Imaginez un livre composé de trois milliards de lettres. Il n'y a qu'une seule faute de frappe, mais c'est elle qui cause une grave maladie héréditaire. Corriger une telle erreur est beaucoup plus difficile qu'il n'y paraît : pendant longtemps, les outils du génie génétique, en plus de la lettre souhaitée, changeaient souvent plusieurs lettres voisines. Désormais, les scientifiques ont fait un grand pas pour ne corriger que ce qui est vraiment défectueux.
Une étude publiée dans Nature Biotechnology en 2026 présente un nouveau système, snuABE, basé sur l'enzyme ADAR. Il permet de remplacer une « lettre » génétique — l'adénine (A) par la guanine (G) — avec une bien plus grande précision que les technologies existantes.
Les générations précédentes d'éditeurs de bases, tels que ABE et ABE8e, ont déjà constitué une véritable percée. Ils ont appris à modifier des lettres d'ADN individuelles sans couper la double hélice, ce qui est nettement plus sûr que le CRISPR classique. Mais il y avait un problème : les éditeurs saisissaient souvent plusieurs adénines voisines à la fois. C'était comme si un éditeur de texte corrigeait la lettre souhaitée, mais changeait aussi sans permission quelques caractères à côté.
Research Briefing: ADAR-based DNA adenine base editing with single-nucleotide precision nature.com/articles/s4158… rdcu.be/fvJt2
Les auteurs du nouveau travail ont décidé d'utiliser un assistant inhabituel : l'enzyme ADAR. Dans la nature, elle ne travaille pas du tout avec l'ADN ; sa tâche est de modifier l'ARN. Les chercheurs ont créé des molécules guides spéciales, targetRNA, qui amènent littéralement l'ADAR à une seule position ciblée.

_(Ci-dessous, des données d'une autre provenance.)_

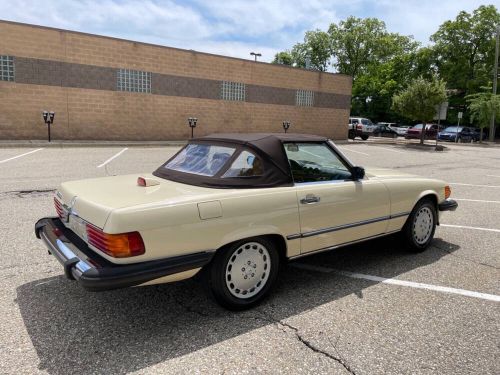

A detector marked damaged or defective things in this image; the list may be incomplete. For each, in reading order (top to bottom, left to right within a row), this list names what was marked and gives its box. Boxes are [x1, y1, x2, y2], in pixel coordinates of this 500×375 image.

Grâce à cela, l'enzyme n'agit que sur le nucléotide choisi, touchant à peine les voisins.
Les tests de la technologie sur des cellules humaines HEK293T ont montré des résultats encourageants. Sur 32 sites différents du génome, le nouveau système a atteint une efficacité moyenne d'environ 5,4 %, et sur certaines cibles — jusqu'à 50 %. Dans le même temps, les modifications secondaires des bases voisines se sont avérées nettement moins fréquentes qu'avec l'éditeur ABE8e, et dans de nombreux cas, elles étaient pratiquement absentes.

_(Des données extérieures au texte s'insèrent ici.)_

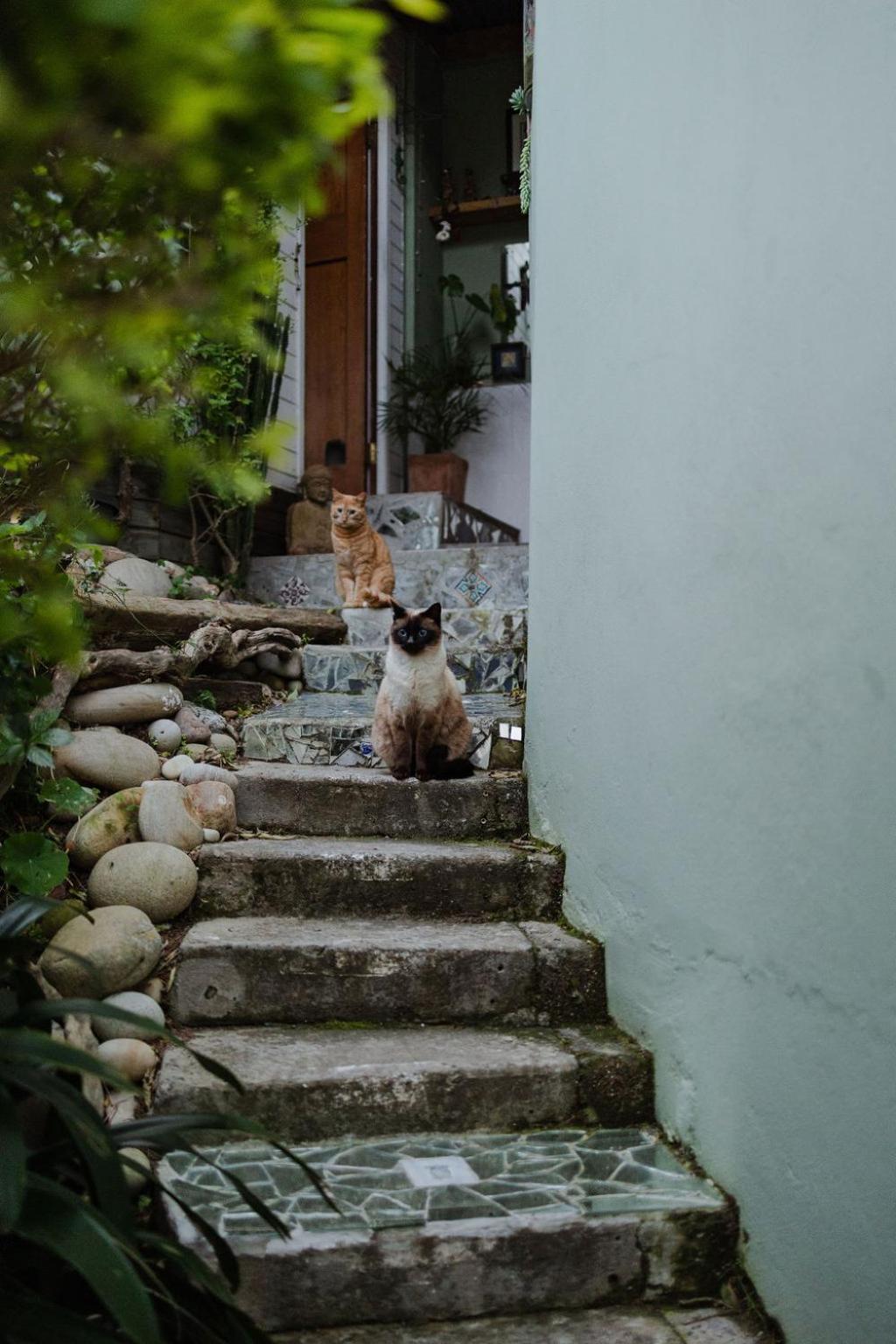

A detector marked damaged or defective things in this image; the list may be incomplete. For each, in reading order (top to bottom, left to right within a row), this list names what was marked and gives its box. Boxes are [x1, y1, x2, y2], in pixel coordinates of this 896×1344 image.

broken tile mosaic [158, 1129, 719, 1230]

La principale valeur de ce travail ne réside même pas dans les pourcentages d'efficacité. Pour la première fois, les chercheurs ont montré que l'enzyme ADAR pouvait être utilisée pour le montage dirigé de l'ADN dans des cellules de mammifères, alors que dans des conditions naturelles, elle n'interagit qu'avec l'ARN. Cela ouvre la voie à la création d'une nouvelle génération d'éditeurs génétiques ultra-précis, capables de modifier un seul nucléotide prédéfini.
Une telle précision est particulièrement importante pour les maladies causées par une seule erreur dans le code génétique. Certaines formes de drépanocytose, de mucoviscidose, de maladies héréditaires de la rétine et de plusieurs maladies neurodégénératives surviennent précisément à cause d'une mutation unique. Si l'on parvient à ne corriger que celle-ci, sans affecter les autres parties du génome, la sécurité des futures thérapies géniques pourrait considérablement augmenter.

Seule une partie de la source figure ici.